Cela me distraya momentanément et je voulus arrêter de parler de Renée et juste recommencer à l'embrasser. Cela avait été si bien de traîner et flirter et je ne voulais pas aller dans la sordide histoire de ma vie sans valeur. Mais plus que cela, je ne pensais pas qu'Edward soit prêt à l'entendre. Le regard de ses yeux me disait qu'il tuerait quiconque essayerait de me faire du mal et même si la pensée de Phil étant tué me tentait, je ne voulais pas qu'Edward soit celui qui appuie sur la gâchette.
- Bébé, dit Edward, me caressant les épaules et m'envoyant des frissons dans le dos. Tu sais que tu peux tout me dire, pas vrai ?
- Je sais, dis-je, me penchant et embrassant ses lèvres. Je soupirai, choisissant mes mots avec soin. Ma mère a choisi son mari plutôt que moi. Elle ne tenait pas sa part du marché en me protégeant. Donc, j'ai décidé qu'il était temps que je me protège seule. Et si cela voulait dire partir et vivre dans les rues, alors il en était ainsi.
Edward plissa les yeux et sa main se porta à son arme.
- Qu'est-ce que ce connard t'a fait ? Putain, est-ce qu'il t'a touché ? Hein ? Dis-moi.
Je gémis, lui prenant la main et la mettant sur ma cuisse. La dernière chose dont j'avais besoin était qu'il se mette en colère.
- Je suis partie avant que quelque chose ne puisse arriver, Edward, d'accord ? Je vais bien. S'il te plaît, crois-moi.
- Tu es sûre ? demanda-t-il, les yeux revenant sur son revolver.
Il n'était pas stupide. Il savait que je n'étais pas totalement honnête avec lui.
- Oui, je suis sûre. C'est bon. Je vais bien, dis-je, espérant changer son humeur. Puis-je te poser une question maintenant ?
- Bien sûr, dit-il.
- Pourquoi es-tu parti de chez toi ?
C'était un sujet tabou pour lui mais il avait abordé le mien. C'était donnant-donnant.

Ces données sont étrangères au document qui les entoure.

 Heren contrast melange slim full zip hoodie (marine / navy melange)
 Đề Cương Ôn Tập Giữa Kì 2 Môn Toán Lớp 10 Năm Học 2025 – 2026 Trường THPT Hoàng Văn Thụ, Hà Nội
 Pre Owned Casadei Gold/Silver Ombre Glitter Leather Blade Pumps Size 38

- Qui a dit que j'étais parti ? demanda-t-il, la suspicion fortement lacé dans son ton.
Oh, merde !
Ça n'allait pas bien se terminé pour quelqu'un mais je ne pouvais prétendre que j'avais juste deviné. Il saurait la vérité et serait encore moins avenant à me dire la vérité.
Je me mordis la lèvre, détournant les yeux de son regard pénétrant, et répondit rapidement.
- Emmett.
- Ce putain d'enfoiré. Il secoua la tête, riant sèchement. Qu'est-ce que la grande bouche t'a dit d'autre ?
- Humm, eh bien, il a par hasard mentionné que tes parents étaient riches. C'est vrai ?
- Yep, dit Edward, se frottant plus ou moins le front. Plus riche que ce putain de Dieu lui-même.
Il y avait tellement d'amertume là-dedans, et j'eus peur d'avoir franchi la limite. C'était tellement à double-tranchant. Je voulais en savoir plus sur lui et pourquoi il avait choisi une vie de crime plutôt que de finir sous une montagne d'argent, mais je ne voulais pas qu'il m'en veuille pour cela. Je n'étais pas son thérapeute - ça faisait à peine huit heures que j'étais entré dans le cabriolet de tout le truc de la petite-amie.
Mais les questions m'envahissaient - qu'est-ce qui ferait qu'un homme déteste sa famille au point de la quitter ? Quel homme abandonnerait de l'argent et une vie de luxure pour les armes et une vie de misère ?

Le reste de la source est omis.